The object induced is a large concavity in the field of view, a thing which the observers identify as the interior of a tunnel or tube. The elements of stimulation are concentric-rings of light and dark in the sheaf of light. The apparatus for producing them consists of circular holes or edges in alternating sheets of black and white reflectors, hung one behind another in a twenty foot rack. It must be set up with some care. The control experiment which enables us to assert that we have created a surface out of light and not merely out of other surfaces is to substitute all-black or all-white reflectors for the alternating series and note whether the phenomenal object then disappears into air or fog. To a sufficient approximation, this is actually what occurs. The experience is somewhat like that of the film-color described which appears in apertures of small visual angle.

A stimulus-variable of still higher order in this “optical tunnel” is the gradient of the density of the transitions, or what I have loosely called the density of texture. This, we believe, is a variable which yields depth and which, in combination with gradients of disparity and motion (at another higher order) produce the qualities of slant and recession in space which characterize the surfaces and objects of the visual world.

One more example of an ordinal stimulus must suffice ­ this one only to show that novel hypotheses can be generated by the theory. What is the relation between concomitant or simultaneous stimuli from different modalities of sense? The stability and constancy of visual perception probably depends in a large part on such a relation. Consider the rotation of the retinal image which occurs when a man tilts his head to one side and the fact that his phenomenal world nevertheless remains upright. The significant fact may be the vestibular and kinesthetic stimulation which accompanies the retinal stimulation and which enters into the whole as a component. When two component changes vary reciprocally an invariant product exists. Can such an invariant itself be considered a stimulus? If so the constant uprightness of the visual world despite the tilting of the retinal image is a matter of correspondence with the stimulus, not a lack of correspondence. The relevant stimulus is only more complex than we had realized.

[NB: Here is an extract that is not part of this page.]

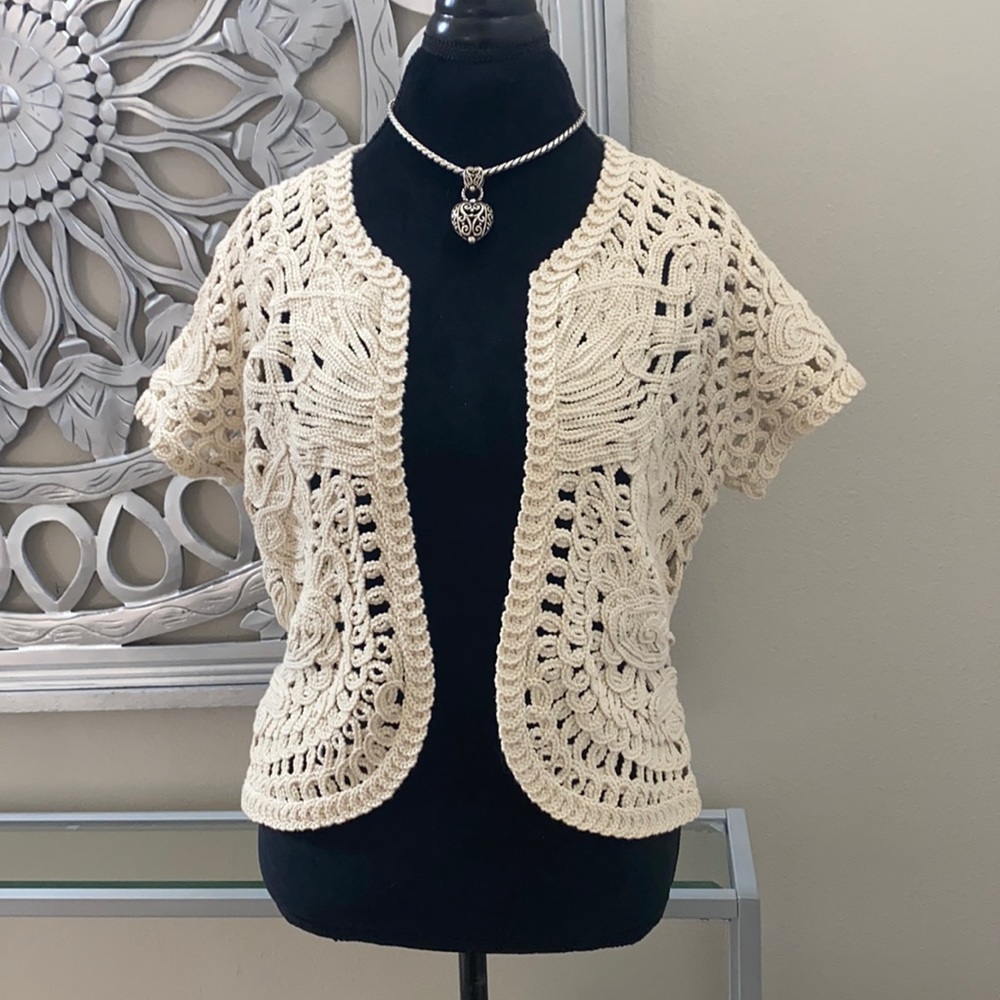 Beautiful Coldwater Creek Crochet Sweater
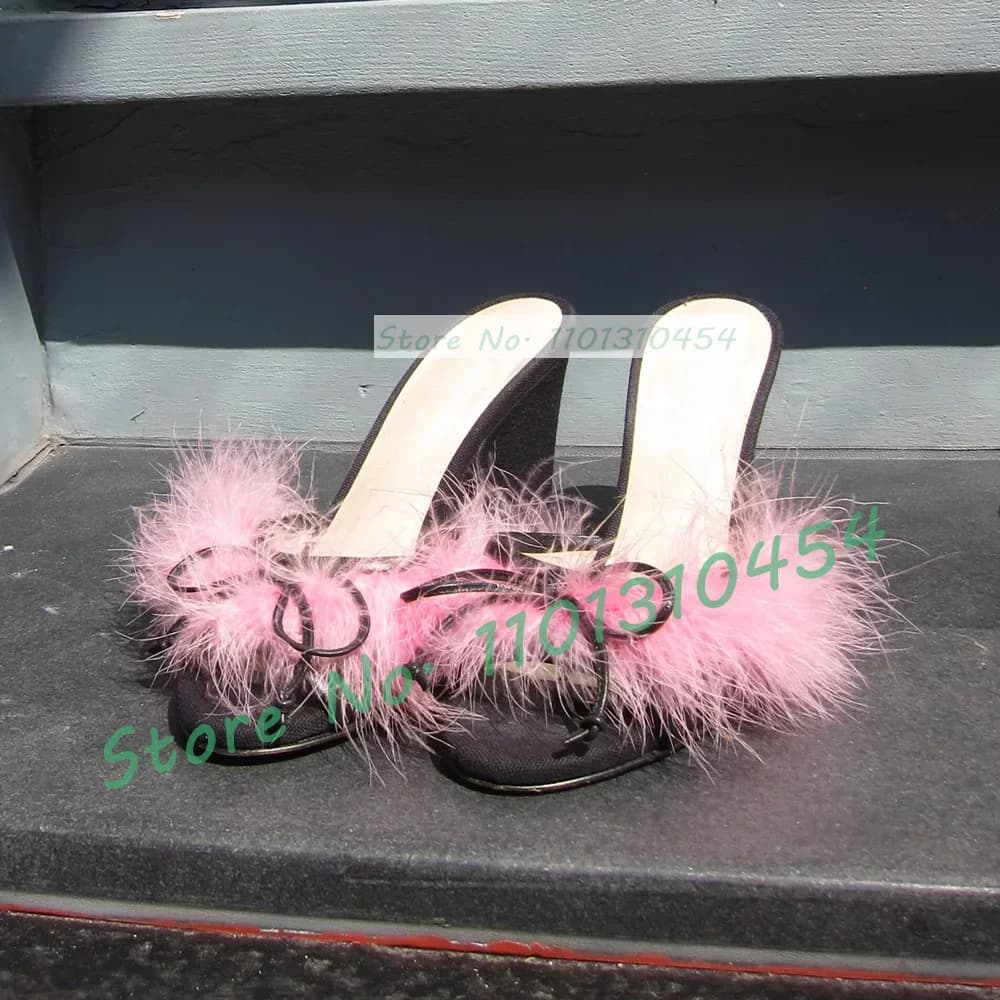 Adorabili pantofole con zeppa di piume con fiocco da donna eleganti scarpe eleganti estive multicolori muli di pelliccia rosa con punta aperta Casual da ragazza dolce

The proposal that we look to stimulation for an explanation of perception before resorting to subjective modes of explanation is perhaps a strategy of research rather than a theory. It assumes that the energies at sense-organs are rich in variables which have not yet analyzed. The so-called “poverty” of the retinal image as a stimulus for vision has been overstated. Except when experimentally improvised by the darkroom or the tachistoscope it is an astonishingly good basis for perception and behavior. This approach makes it possible to suppose that subtle and intricate variables of stimulation are effective even when the percept is question is demonstrably learned. And it suggests that the learning process in perception is one which will account for the growth and increase of our sensitivity to the world around us ­ a world so complex that we need all the discriminative capacity we can acquire.